American English is not a language.

Anthropology is a not a science.

A corollary to the latter supposition (sorry– fact!) was that the United States, a disproportionately frequent target of these rants, has more universities offering degrees in anthropology than the European countries, because the United States “has no history.” No one took the bait on that one, fortunately.

In my experience, the redefinition phase (number 4), usually takes 45 minutes, during which the son of a Nietzsche (virtually all of these would-be Wittgensteins are men) revels in the sound of his own voice. This, of course, is the soporific part. The only way to defeat it is to cut short the process at number 3.
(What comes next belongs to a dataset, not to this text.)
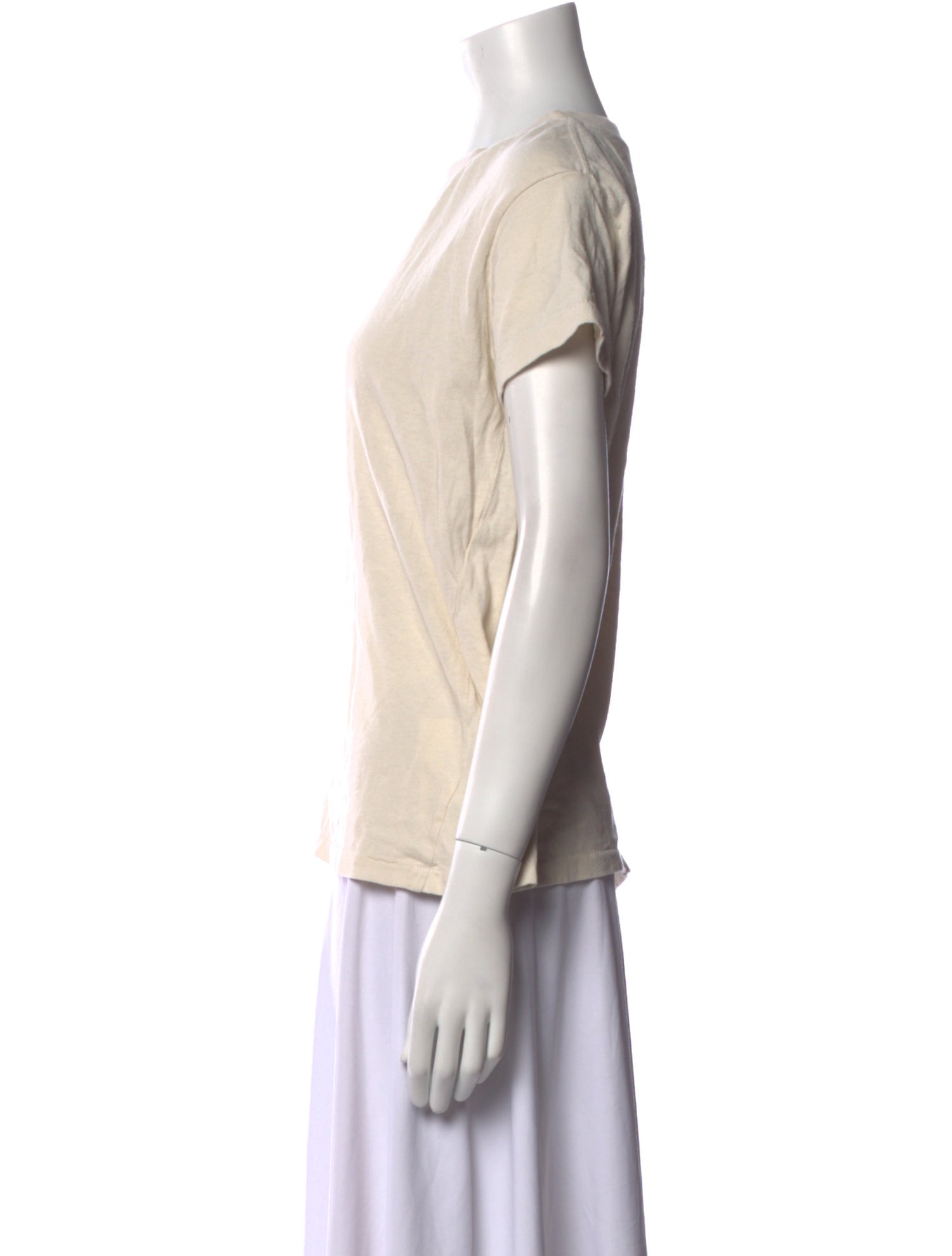 Nili Lotan Bateau Neckline Short Sleeve T-Shirt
Dinner guest: I’m really interested in Japanese culture, especially the arts...

Self-appointed docteur de philosophie: The arts don’t have anything to do with culture.

Dinner guests: What? How so?

Dr Phil: Well, “culture” is a composite societal phenomenon consisting of ... (20 minutes pass), whereas a work of “art,” whether in painting, music or literature, etc., is a ... (15 minutes pass). Therefore, as you can see ... (10 more minutes pass during which you can’t see because your brain has been sucked out of your skull).
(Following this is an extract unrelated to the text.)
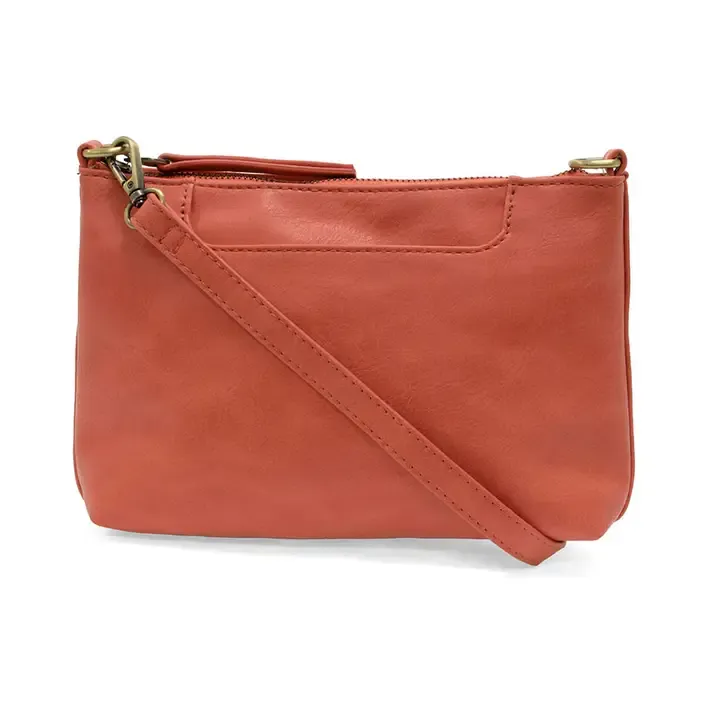 VG Lovely Top Zip Crossbody-Coral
Dinner guest: It’s fascinating how all these new communication media like cell phones and the Internet are changing the way people interact.

Self-appointed docteur de philosophie: The Internet is not a medium of communication.

You: Well, yes, of course. Everyone knows that.

Dr Phil: What? How so? (sound of air coming back into the room)

I suspect that the dilettante philosophical diatribe appeals to people who have a modicum of intelligence but few or no actual worthwhile ideas to offer in conversation and so rely on rhetoric to create, at least in their own minds, a semblance of interest. Interestingly, by the time I finished explaining all this to my friend who had asked me if there was anything I didn’t like about France, I had been ranting for 45 minutes. Hmmm...

David Jaggard

Reader Sandra Fuenterosa writes: "The fatalism of the workers’ class, however, is not limited to France. It is basically European. What made the US what it was and created the American Dream of becoming whatever you wanted to become was purely and uniquely a phenomenon that occurred on American soil. But the irony is that that dream was actually brought into being by Americans’ European ancestors who became mortally tired of being the eternal grandsons and sons of the peasant or working class, with no hope of betterment. It was they who took the leap of faith across the Atlantic to a land where no one knew their history and could pigeonhole them; a land where they and their descendents could start afresh and become gentry themselves, like those who had kept them “in their place” in the old countries and whom they ultimately envied and wanted to emulate. That old system obtained all over Europe, in Italy, Germany, Scandinavia and all the other European countries that spurred some immigrants to seek fresh pastures.